At the heart of their mission was code breaking. It always had been and always would be. These billions of intercepts were worthless if they couldn’t decipher them. Rapp knew there were elite teams of brainiacs within the NSA whose sole job was to defeat encryption software. As good as the folks at Langley’s S&T were, the truth was they were no match for the talent that the NSA employed. From a patriot’s perspective, one would think none of this should matter. After all they were all on the same team—the CIA, the NSA, the Pentagon, the Department of Justice, the FBI—all Americans working to defeat global terrorism.

The reality was far more complicated.

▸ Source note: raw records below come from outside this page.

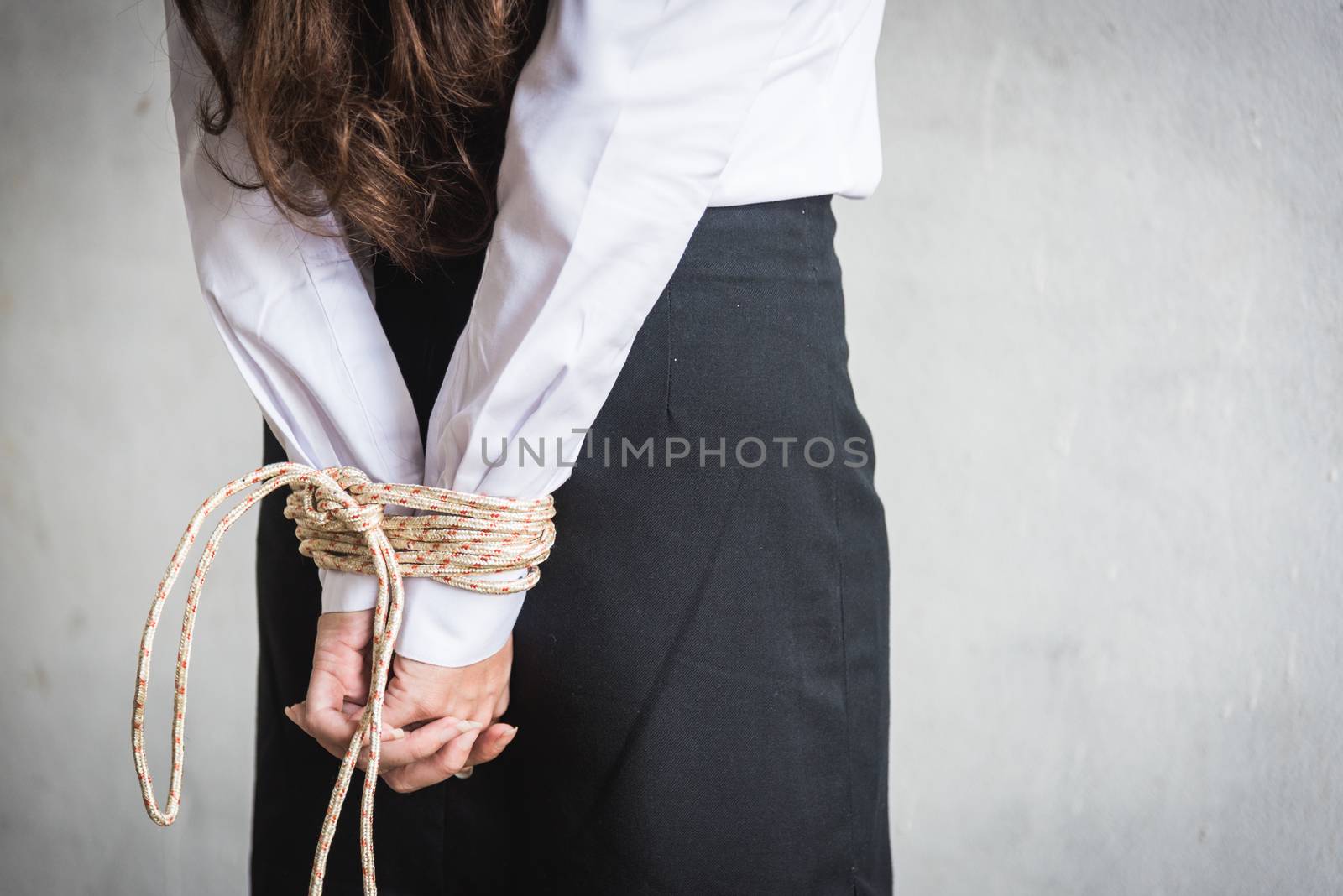 young female hands tied wrist with rope by Sorapop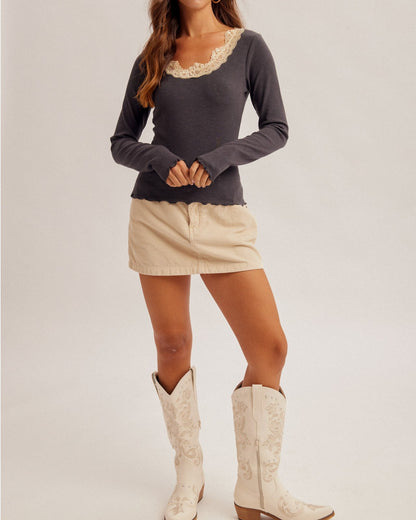Ash ribbed long sleeve top with ivory lace neckline and lettuce edge hem.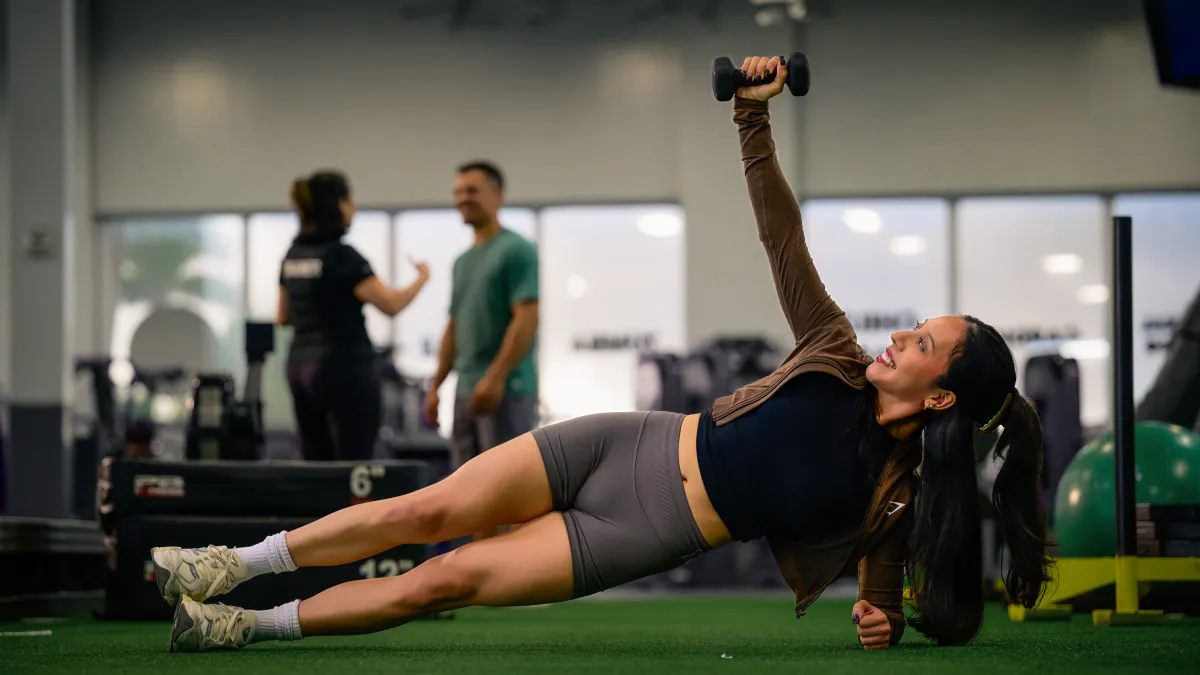 Young woman performs side plank with dumbbell in gym, two people chat in background near workout equipment.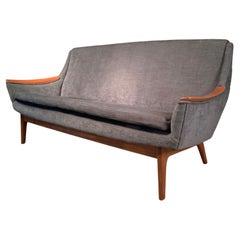 Elegant 1950's Danish Sofa with Teak Arms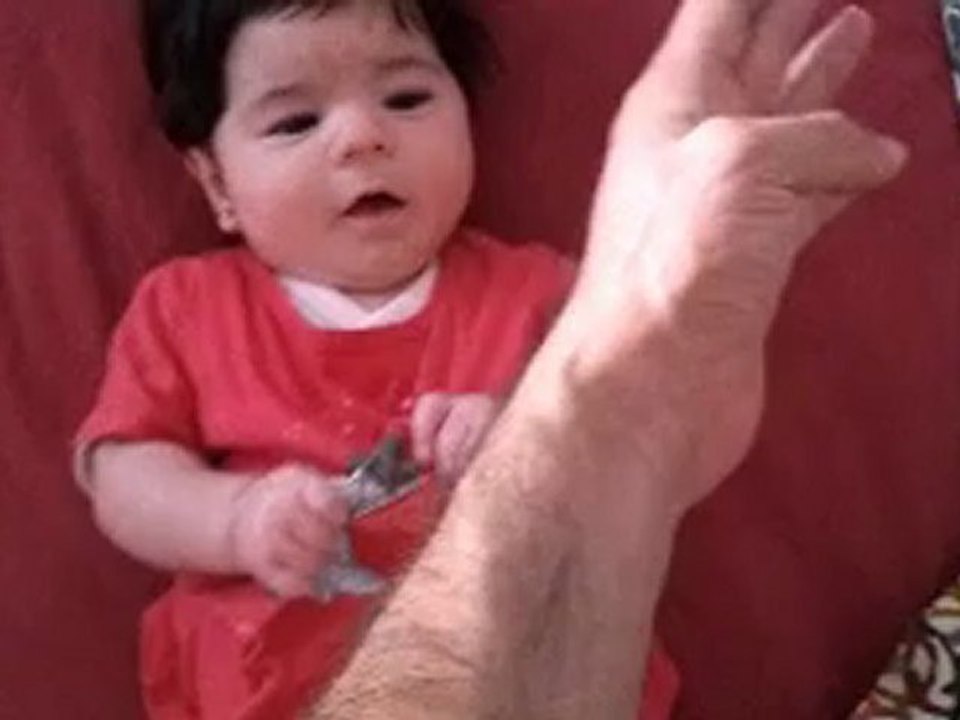 riendose en la cama con fondo rojo del 18 de mayo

Just because one administration advocated a certain policy, it didn’t mean the next one would, or that some opportunistic politician on the Hill wouldn’t seize the chance to grab the limelight by calling for an investigation into any one of a dozen things Rapp had done in the last year. What a veteran of the Clandestine Service deemed appropriate action was often very different from what a lawyer at the DOJ might think. And then there were budgets and interagency turf wars. In many ways the domestic side of the business was more dangerous than the operating abroad. At least when he was in the field Rapp knew who his enemies were. At home, politics and personalities were thrown into the mix and any sense of a unified mission was lost.